Focus on Your Site Users

This idea — and the entire philosophy built around it — is called user-centered design (UCD). UCD was formulated in the software industry of the 1990s, but it has far-reaching influence. Think about the intuitive controls of an iPod, the comfortable handles of OXO kitchen tools, and the squeezable ketchup bottle that rests “upside down” so the ketchup is always ready to pour. These are all examples of UCD in practice.

On a website, UCD means figuring out what the visitors to your site want and giving it to them quickly and easily. It seems obvious, but it’s not common. Every one of us has struggled through a website, trying to figure out what to click or where to look or how to buy something. And typically, when that happens, we just leave and never come back.

Although the D in UCD stands for design, providing a positive experience for your visitors actually requires a combination of design (the layout and style of the pages), information architecture (arranging and naming the sections and pages of the site), content, and functionality. Nevertheless, you can take the first steps yourself by putting your website through a simple review.

Do-It-Yourself UCD

Gather up a group of 6 to 8 smart people from your organization. Ask them to identify then rank the most important visitors to your website. You can define “most important” however you like. We typically ask “Who are the most frequent visitors?” “…the most desired?” “…the most loyal?”

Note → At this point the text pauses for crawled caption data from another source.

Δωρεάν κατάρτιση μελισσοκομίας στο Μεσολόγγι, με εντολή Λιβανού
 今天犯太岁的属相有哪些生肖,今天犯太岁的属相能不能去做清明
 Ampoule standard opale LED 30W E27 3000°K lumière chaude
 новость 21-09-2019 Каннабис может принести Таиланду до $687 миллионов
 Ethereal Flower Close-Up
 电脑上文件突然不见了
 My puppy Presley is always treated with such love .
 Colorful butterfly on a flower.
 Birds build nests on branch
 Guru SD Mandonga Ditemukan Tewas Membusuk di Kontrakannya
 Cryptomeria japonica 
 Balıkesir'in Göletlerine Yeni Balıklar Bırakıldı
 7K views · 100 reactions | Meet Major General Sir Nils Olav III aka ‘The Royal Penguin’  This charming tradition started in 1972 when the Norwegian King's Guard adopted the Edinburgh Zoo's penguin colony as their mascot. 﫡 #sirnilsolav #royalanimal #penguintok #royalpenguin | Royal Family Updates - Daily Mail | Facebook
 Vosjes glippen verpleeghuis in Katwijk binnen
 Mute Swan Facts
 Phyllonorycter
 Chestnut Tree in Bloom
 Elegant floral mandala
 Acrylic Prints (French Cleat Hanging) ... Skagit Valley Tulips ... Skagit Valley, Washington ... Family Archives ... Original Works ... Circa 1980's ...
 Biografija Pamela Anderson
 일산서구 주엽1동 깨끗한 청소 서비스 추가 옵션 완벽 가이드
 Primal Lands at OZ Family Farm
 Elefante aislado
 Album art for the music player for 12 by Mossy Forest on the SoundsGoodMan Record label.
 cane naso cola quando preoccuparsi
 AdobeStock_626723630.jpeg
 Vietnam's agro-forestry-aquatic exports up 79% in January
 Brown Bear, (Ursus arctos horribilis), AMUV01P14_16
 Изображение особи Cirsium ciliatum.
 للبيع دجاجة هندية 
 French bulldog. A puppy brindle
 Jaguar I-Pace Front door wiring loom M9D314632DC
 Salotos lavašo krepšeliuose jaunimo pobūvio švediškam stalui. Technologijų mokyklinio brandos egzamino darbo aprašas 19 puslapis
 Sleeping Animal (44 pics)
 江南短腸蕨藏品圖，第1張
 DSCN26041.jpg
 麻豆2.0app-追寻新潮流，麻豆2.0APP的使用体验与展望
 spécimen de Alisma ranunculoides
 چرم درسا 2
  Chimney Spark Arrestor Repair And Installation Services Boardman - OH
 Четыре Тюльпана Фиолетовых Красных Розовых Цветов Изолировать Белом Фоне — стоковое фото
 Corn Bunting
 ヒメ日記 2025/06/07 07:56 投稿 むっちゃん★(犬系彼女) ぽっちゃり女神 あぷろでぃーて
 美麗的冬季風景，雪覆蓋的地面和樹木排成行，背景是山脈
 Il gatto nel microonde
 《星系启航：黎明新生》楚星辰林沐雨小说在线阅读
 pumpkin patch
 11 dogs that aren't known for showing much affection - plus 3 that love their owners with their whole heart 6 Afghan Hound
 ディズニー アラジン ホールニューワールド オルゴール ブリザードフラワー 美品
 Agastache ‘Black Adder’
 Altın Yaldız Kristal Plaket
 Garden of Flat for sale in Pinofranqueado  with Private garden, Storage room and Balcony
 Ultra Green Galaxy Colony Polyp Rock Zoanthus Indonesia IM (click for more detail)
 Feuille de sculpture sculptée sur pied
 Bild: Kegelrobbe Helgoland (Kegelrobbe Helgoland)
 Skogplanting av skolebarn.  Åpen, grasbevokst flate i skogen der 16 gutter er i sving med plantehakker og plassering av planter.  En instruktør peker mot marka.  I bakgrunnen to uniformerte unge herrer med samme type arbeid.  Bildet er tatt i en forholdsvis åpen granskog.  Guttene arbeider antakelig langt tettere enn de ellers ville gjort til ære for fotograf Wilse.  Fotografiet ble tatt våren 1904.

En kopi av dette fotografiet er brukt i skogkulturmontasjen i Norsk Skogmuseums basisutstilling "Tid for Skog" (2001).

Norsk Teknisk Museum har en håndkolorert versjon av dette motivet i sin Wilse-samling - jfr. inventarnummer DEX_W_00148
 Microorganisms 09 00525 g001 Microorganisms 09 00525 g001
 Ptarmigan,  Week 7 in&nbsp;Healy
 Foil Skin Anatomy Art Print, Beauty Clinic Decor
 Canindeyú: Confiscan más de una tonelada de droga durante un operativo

For each of those groups, make a list of their needs and questions, such as “What does your product cost?”, “Where can I buy it?”, “Why should I buy from you?”, and “How do I get service?”.

Finally, with your list of FAQs in hand, take a stroll through your website. Try to think like someone who doesn’t already know all about your business and its products or services. If it isn’t obvious where the answers can be found, or it takes more than a couple clicks to find every one of them, then your website could use a user-centered design makeover.